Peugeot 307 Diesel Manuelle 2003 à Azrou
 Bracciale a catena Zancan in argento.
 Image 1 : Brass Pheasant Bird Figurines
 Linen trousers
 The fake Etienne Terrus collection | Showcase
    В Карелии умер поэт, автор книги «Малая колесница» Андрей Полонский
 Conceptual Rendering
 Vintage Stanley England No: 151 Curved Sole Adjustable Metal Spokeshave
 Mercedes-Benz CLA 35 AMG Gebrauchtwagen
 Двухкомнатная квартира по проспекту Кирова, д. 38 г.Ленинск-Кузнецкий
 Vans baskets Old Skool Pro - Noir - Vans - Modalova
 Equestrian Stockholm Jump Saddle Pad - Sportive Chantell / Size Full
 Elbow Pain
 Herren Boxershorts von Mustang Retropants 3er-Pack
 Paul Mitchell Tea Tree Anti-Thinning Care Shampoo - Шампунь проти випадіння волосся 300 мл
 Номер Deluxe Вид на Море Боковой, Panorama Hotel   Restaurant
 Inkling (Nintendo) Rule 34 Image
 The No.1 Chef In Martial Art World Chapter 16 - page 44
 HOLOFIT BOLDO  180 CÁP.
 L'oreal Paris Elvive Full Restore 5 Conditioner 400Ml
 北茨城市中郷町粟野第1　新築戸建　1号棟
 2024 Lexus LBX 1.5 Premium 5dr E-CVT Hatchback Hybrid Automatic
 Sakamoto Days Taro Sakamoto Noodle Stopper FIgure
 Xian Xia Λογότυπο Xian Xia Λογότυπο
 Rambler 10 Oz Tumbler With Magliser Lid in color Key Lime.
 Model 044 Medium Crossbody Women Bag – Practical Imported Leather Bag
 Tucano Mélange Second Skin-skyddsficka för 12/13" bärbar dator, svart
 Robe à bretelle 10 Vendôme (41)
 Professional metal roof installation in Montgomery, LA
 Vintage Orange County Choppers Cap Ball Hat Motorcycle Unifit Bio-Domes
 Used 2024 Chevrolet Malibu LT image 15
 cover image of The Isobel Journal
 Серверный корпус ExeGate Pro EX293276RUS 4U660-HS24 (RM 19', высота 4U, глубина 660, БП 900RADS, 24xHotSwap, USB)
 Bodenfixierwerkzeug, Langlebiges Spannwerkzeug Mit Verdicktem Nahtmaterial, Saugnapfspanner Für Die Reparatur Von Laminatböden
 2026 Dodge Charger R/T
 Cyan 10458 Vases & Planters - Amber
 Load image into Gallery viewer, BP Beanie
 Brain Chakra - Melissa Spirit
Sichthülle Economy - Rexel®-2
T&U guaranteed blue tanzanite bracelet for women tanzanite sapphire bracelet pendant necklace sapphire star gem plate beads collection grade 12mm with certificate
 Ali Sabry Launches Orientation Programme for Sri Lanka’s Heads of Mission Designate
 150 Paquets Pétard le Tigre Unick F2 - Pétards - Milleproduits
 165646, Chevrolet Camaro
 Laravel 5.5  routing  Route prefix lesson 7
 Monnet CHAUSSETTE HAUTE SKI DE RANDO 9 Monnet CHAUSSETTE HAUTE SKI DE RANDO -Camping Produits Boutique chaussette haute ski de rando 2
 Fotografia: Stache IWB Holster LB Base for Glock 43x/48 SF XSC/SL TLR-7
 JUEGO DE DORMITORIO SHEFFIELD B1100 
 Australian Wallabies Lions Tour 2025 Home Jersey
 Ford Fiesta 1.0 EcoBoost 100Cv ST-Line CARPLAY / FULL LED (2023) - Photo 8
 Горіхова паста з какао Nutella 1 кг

▶ YOUR INSTRUCTIONS: State how many lines of the listing above include the string "Vintage", with no words around the number.

▶ ANSWER BELOW: 2